We took a sequence-centric approach [95] in building the pangenome of F. circinatum. We characterized the core, accessory and pangenomes based on nucleotide sequence rather than only the protein-coding portion of the genomes. This approach ensured the inclusion of noncoding genomic elements in the core, accessory and pangenomes. This methodology allowed us to avoid the bias and errors of gene prediction models in the identification of genomic elements that are conserved in F. circinatum. Our BLAST analysis showed that within the core genome there were some proteins which did not return significant hits to closely related Fusarium species, but rather to other, distantly related species. These genomic elements may have been acquired by F. circinatum from other species through horizontal gene transfer [96] and have been subsequently maintained, possibly as they have provided some advantage to the species. Gene gains can also be attributable to de novo gene emergence from non-coding DNA. There were also some proteins that did not return any BLAST hits. These were mainly proteins of unknown function.

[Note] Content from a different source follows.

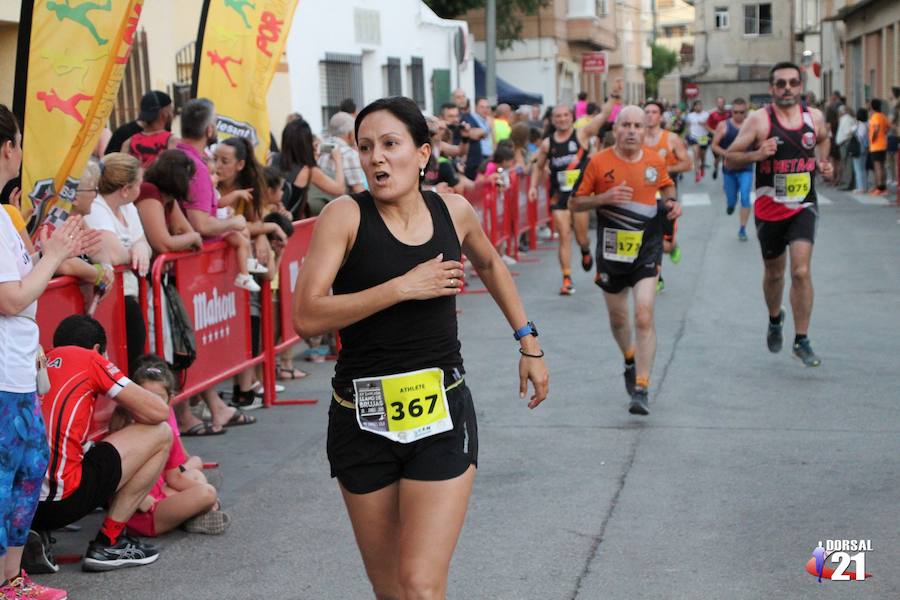 Hamid Zourabi y Lorena Duchi ganan en el Llano de Brujas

These orphan genes which lack homologues in other lineages can also arise through duplications followed by diversification [96]. The proteins that are unique to F. circinatum and are conserved in all the isolates could be involved in lineage-specific adaptations and are potential targets for species-specific pathogen management and control strategies.

Within the accessory genome, isolate-specific open reading frames that were only present in one isolate and not the others (uniquely present) also showed different patterns of possible origins. Predicted proteins that had BLAST hits with closely related Fusarium species could indicate genomic elements that were maintained in some isolates but dispensed in others. These genomic regions could have arisen through high impact variants which include deletions, loss of function mutations (such as frame shifts) and early stop codons, resulting in truncated proteins. Even if truncated proteins are expressed in different isolates, they are less likely to have exactly the same function as full-length proteins. Therefore, the functional variation of truncated proteins could have phenotypic effects on different isolates. Isolate-specific sequences with best BLAST hits to other non-Fusarium species could be indicative of recently gained genomic elements that have not been fixed in F. circinatum populations. The accessory genome elements also had a reduced GC content, in comparison to the core genome. There were more accessory elements mapping to chromosomal regions that also had a high SNP density. Accessory genomic elements were associated with AT rich and highly variable genomic regions.

5. Conclusions

The genomic structural variants that were identified in F. circinatum ranged from SNPs to chromosome scale SVs, including insertions, deletions and inversions. It is possible that some of these variations are neutral with little or no impact on the biology of this pine pathogen. However, it is also conceivable some of the SVs that are described in this study have profound effects on the biology, evolution and niche adaptation of this pine pathogen. The genetic variations could then impact the disease management and control strategies that are used in nurseries and plantations, as these strategies need to be applicable to strains of the pathogen notwithstanding variations between the strains. Therefore, this study provides a resource for future association studies within F. circinatum. Progress in understanding the exact impact of these genetic variations within F. circinatum will also benefit our understanding of the biology of the pitch canker fungus.